In data recognition of a lane division line such as a lane line, a lane division line may have higher luminance than that of a road surface. Based on this knowledge, luminance variation in a widthwise direction of a road may be evaluated, and positions of right and left lane division lines in an image plane may be specified on the image plane. A position (x, y, z) in a real space of the lane division line may be calculated with a known coordinate conversion expression, based on a position (i, j) on the image plane and a parallax calculated regarding the position, that is, based on the distance information. In a coordinate system in the real space set with a position of the own vehicle as a reference, in this implementation, for example, as illustrated in FIG. 6, the road surface directly below a midpoint of the cameras may be an origin; a vehicle widthwise direction may be denoted by an X axis; a vehicle heightwise direction a Y axis; and a vehicle lengthwise direction (a distance direction) a Z axis. Here, an x-z plane (y=0) may coincide with the road surface if the road is flat. A road model may be expressed by dividing, in the distance direction, a travel lane of the own vehicle on the road into a plurality of sections, approximating, as prescribed, the right and the left lane division lines in each of the sections, and coupling together the approximated right and left lane division lines. Note that, in the implementation, the forgoing description is given on an example in which a shape of a travel road may be recognized based on images from a pair of cameras. However, this is illustrative and non-limiting. The shape of the travel road may be obtained based on image information from other kind of cameras such as a monocular camera or a camera that may perform color imaging. In one implementation, the forward environment recognition device 31 may serve as a “forward environment recognizer”.

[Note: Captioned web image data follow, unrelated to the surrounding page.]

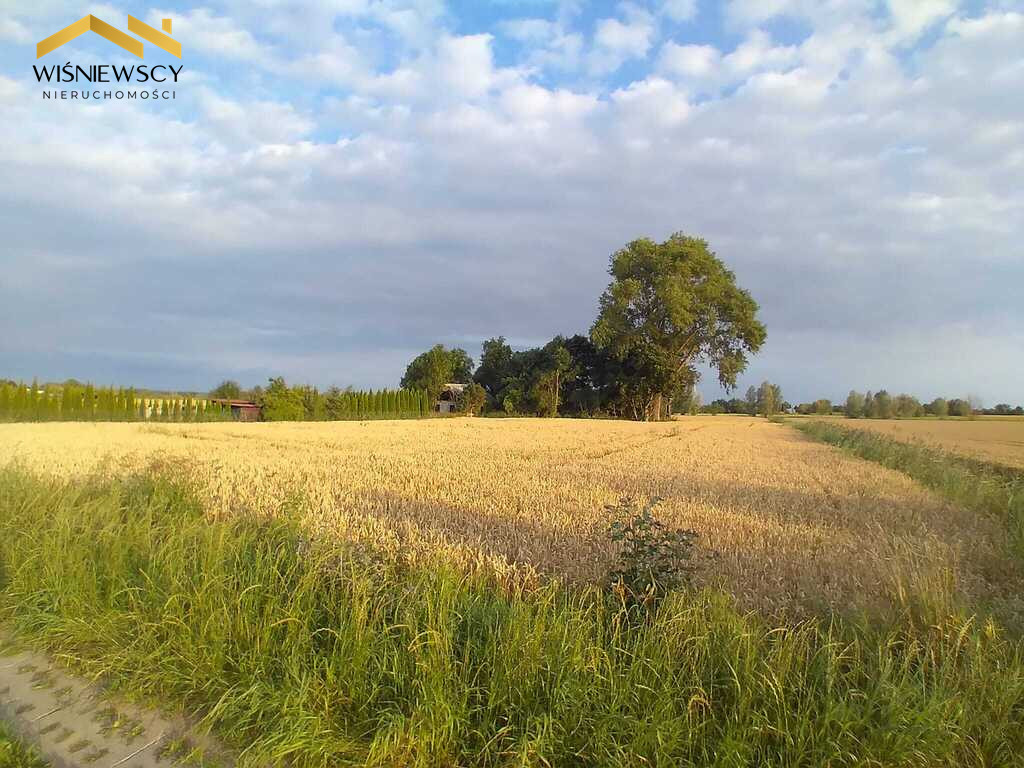 Działka Sprzedaż Kobyla Kępa
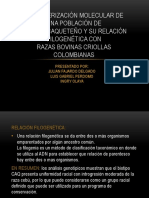 Caracterización Molecular de Una Población CCQ Con Relación Filogenética en Las Razas Criollas Colombianas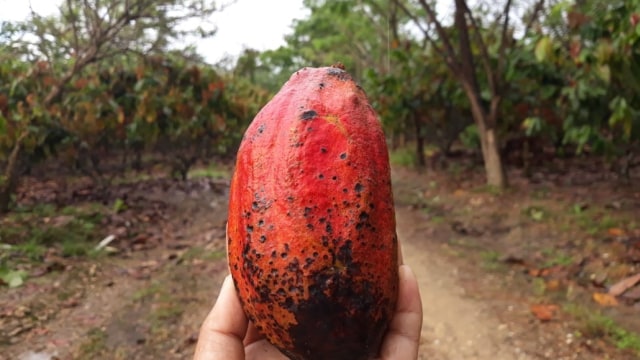 Kebun kakao di Kendari, Sulawesi Tenggara. Foto: Ema Fitriyani/kumparan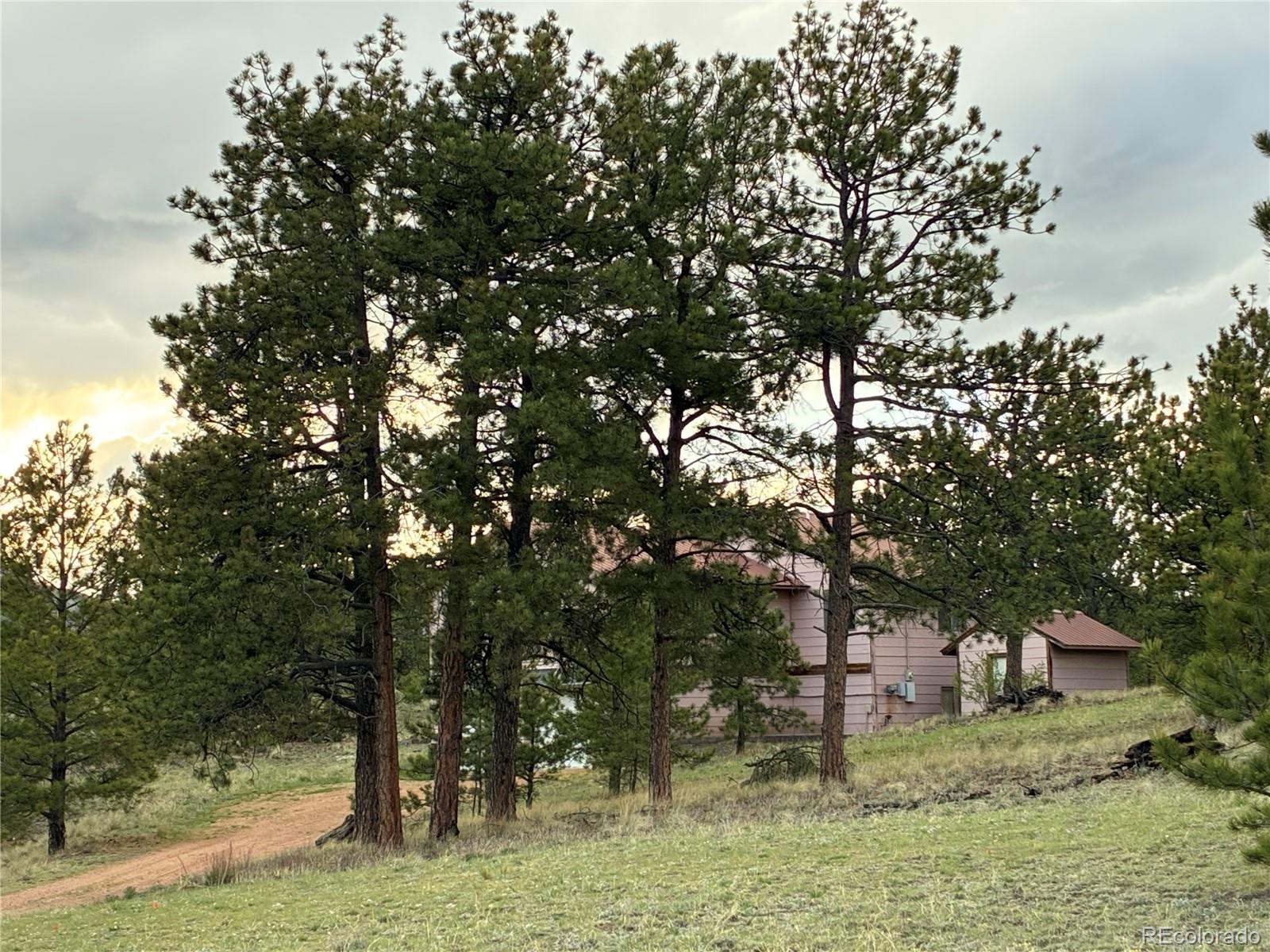 MLS Image #33 for 6951  county rd 71 ,guffey, Colorado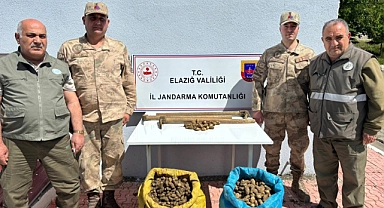 Salep bitkisi toplayan 4 kişiye idari para cezası uygulandı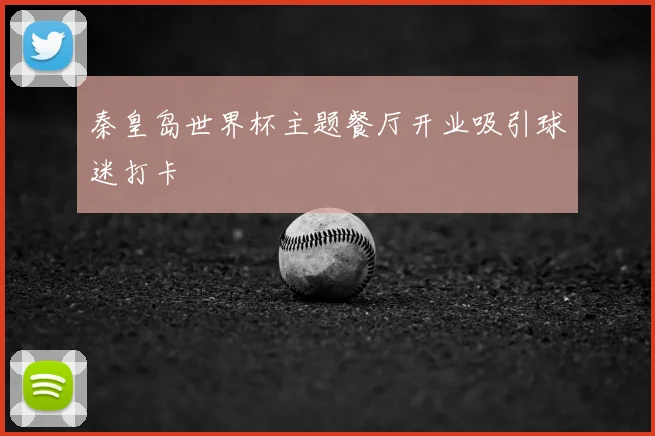 秦皇岛世界杯主题餐厅开业吸引球迷打卡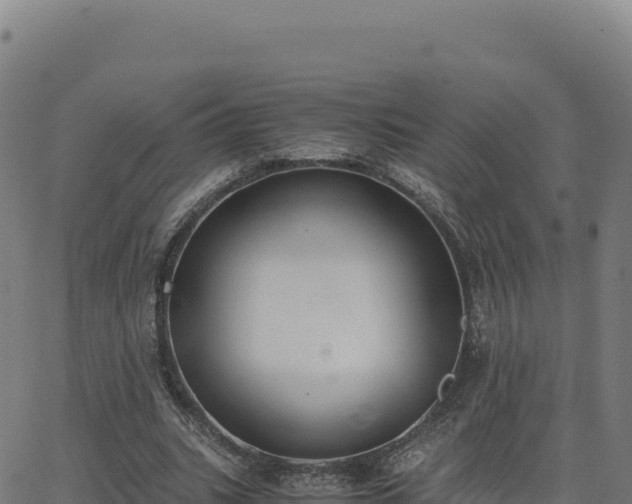 X0000062850535200601201706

The steering controller 20 may perform a steering control, based on input signals as described above, according to a steering control program to be described later with reference to FIG. 3. In one specific but non-limiting instance, the steering controller 20 may set, based on the forward environment information, a target course to be traveled by the own vehicle, may calculate a target steering torque THT that allows the own vehicle to travel along the target course, may calculate a steering torque TH based on the steering angle θH, may variably set, in accordance with the vehicle speed V, a target steering torque speed-sensitive gain G1 of the target steering torque THT and a steering torque speed-sensitive gain G2 of the steering torque TH, may calculate the control torque TT, based on the target steering torque THT corrected based on the target steering torque speed-sensitive gain G1 thus variably set and the steering torque TH corrected based on the steering torque speed-sensitive gain G2 thus variably set, and may output the control torque TT to the motor driver 21 of the electric power steering motor 12 to execute the steering control. In one implementation, the target steering torque THT may serve as a “first control quantity”. In one implementation, the steering torque TH may serve as a “second control quantity”. In one implementation, the control torque TT may serve as a “steering control quantity”. In one implementation, the target steering torque speed-sensitive gain G1 may serve as a “first rate”. In one implementation, the steering torque speed-sensitive gain G2 may serve as a “second rate”.

The steering controller 20 may therefore include, as illustrated in FIG. 2, a target steering angle calculator 20a, a target steering torque calculator 20b, a target steering torque speed-sensitive gain setter 20c, a steering torque calculator 20d, a steering torque speed-sensitive gain setter 20e, an integral term reset determiner 20f, and a control torque calculator 20g, as its principal components.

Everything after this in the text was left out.